Early on Saturday, a
statement released after a security summit headed by Turkey's prime minister said Syria shot down Turkey's fighter jet, without elaborating how and why.
Many had
speculated that although Syria acted ruthless, Turkey also deserves blame in this incident.
Early on Sunday, however, Turkish Foreign Minister Ahmet Davutoğlu
made it clear that Syrian side knew it was a Turkish plane, the jet was hit in international air space without any warning, the act was hostile and Turkey will not remain silent. Turkey has not yet unveiled its retaliatory steps and the most you can say is that there are scattered signs that things are getting worse more slowly.
Syria's downing of Turkish warplane is
not unmatched in history.
There have been many similar incidents like this before.
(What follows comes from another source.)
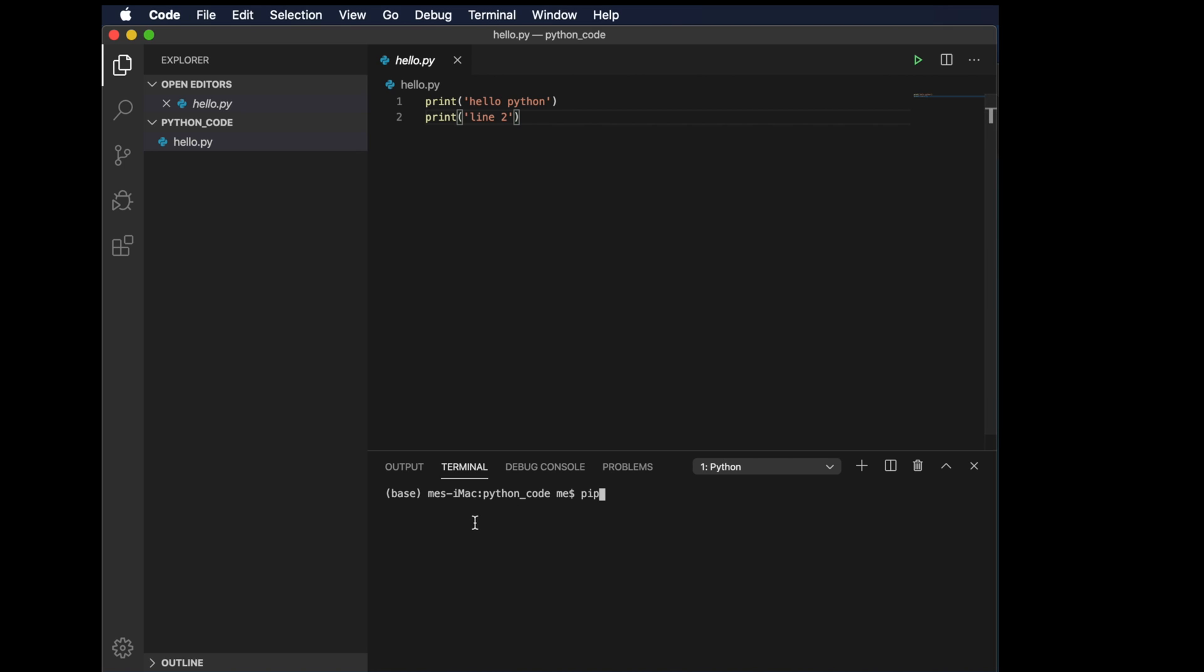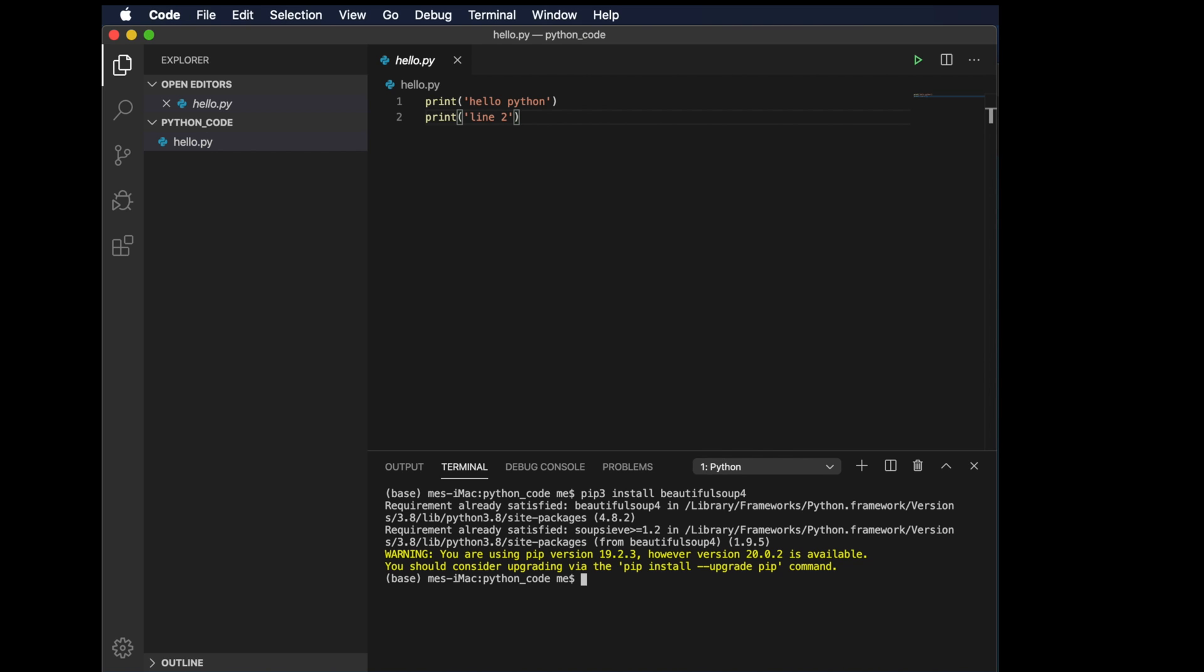Once the terminal is open, we have to write the command pip, and if it is version 3 of Python, then we have to type pip3. Then we use the keyword install followed by the package or module name. For this example, I will install the package BeautifulSoup, so I am typing the command pip3 install BeautifulSoup.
But few
exemplify irrationality of these kind of attacks better than Friday's
incident, which also probably killed two Turkish pilots.
Then the question comes, why did Syria shoot down Turkey's jet?
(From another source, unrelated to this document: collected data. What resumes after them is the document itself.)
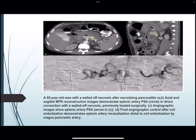A 60-year-old man with walled-up necrosis after necrotizing pancreatitis. Axial and sagittal MIP reconstruction images demonstrated a splenic artery pseudoaneurysm in direct connection with walled-up necrosis, previously treated surgically. Angiography image showed the splenic artery pseudoaneurysm. Final angiographic control after coil embolization demonstrated splenic artery canalization distal to the coil embolization by the magna pancreatic artery.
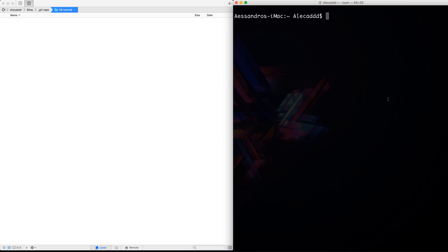Now it's time to create our first git repository and for now we're going to do everything locally. We're going to have git installed locally in our environment, create a git repository on our computer, and manage all the staging environment on our computer.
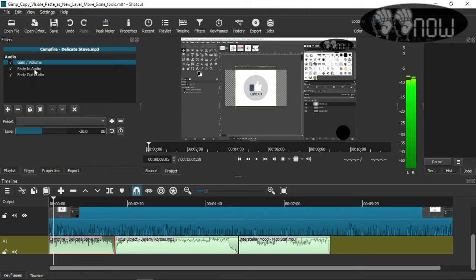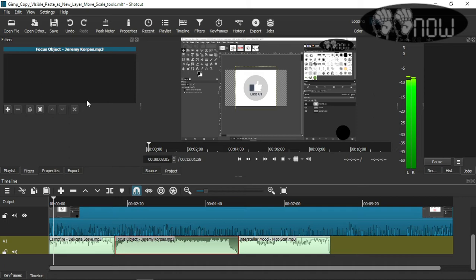So if I want to copy — it says 'copy filters' in this window — I'm going to copy and apply it to this other audio. Here I don't have any filters, and this one doesn't have any filters either.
Syrian regime critics would jump to a conclusion that the attack is a manifestation of Assad's growing frustration and spillover of the domestic crisis into neighbors. This argument rests heavily on the view that Assad is a ruthless killer and he would not hesitate shooting down planes of neighboring countries.
They claim that this incident appears to be rather a remarkable example of how Assad has become a threat to the stability not only within his country but also to countries in Syria's vicinity. One could make a broader argument that it is not surprising to see Assad attacking every perceived threat after all these atrocities his army has been committing.
One of the misconceptions that muddle the debate over the shooting incident is that rulers like Assad have spinned out of control to a degree that would attack neighboring countries.
But those critics miss two fundamental truths about the situation on the ground.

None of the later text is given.